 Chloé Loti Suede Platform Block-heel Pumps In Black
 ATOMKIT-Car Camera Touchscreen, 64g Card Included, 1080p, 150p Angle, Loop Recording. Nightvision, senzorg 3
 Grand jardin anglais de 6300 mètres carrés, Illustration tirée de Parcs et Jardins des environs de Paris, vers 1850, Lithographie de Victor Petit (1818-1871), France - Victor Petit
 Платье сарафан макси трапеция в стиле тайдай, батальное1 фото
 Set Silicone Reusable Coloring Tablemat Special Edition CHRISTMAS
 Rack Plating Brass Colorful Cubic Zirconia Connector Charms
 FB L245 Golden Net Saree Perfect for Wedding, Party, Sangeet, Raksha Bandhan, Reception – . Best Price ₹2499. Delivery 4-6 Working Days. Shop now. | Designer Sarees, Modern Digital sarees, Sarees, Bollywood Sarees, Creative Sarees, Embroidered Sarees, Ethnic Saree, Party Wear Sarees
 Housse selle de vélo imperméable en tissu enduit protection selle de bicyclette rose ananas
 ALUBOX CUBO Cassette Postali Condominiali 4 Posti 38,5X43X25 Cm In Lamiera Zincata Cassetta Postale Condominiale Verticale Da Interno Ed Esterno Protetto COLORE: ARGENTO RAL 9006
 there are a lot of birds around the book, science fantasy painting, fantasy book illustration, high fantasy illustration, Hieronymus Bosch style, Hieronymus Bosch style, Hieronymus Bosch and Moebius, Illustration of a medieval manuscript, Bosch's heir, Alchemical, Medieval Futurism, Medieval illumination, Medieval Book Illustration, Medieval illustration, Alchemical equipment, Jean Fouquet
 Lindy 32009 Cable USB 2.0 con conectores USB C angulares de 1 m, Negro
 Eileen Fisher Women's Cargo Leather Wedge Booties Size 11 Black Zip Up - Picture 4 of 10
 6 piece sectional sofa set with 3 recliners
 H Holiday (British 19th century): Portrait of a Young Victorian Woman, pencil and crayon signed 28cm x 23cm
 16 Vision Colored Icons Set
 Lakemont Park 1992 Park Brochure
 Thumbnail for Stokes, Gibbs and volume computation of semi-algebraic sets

......

▶ [Work required] Your answer should be the lines above, from the line containing "Grand jardin anglais" up to and including the line containing "Rack Plating Brass", reproduced exactly and with nothing else.

▶ [Task result]
 Grand jardin anglais de 6300 mètres carrés, Illustration tirée de Parcs et Jardins des environs de Paris, vers 1850, Lithographie de Victor Petit (1818-1871), France - Victor Petit
 Платье сарафан макси трапеция в стиле тайдай, батальное1 фото
 Set Silicone Reusable Coloring Tablemat Special Edition CHRISTMAS
 Rack Plating Brass Colorful Cubic Zirconia Connector Charms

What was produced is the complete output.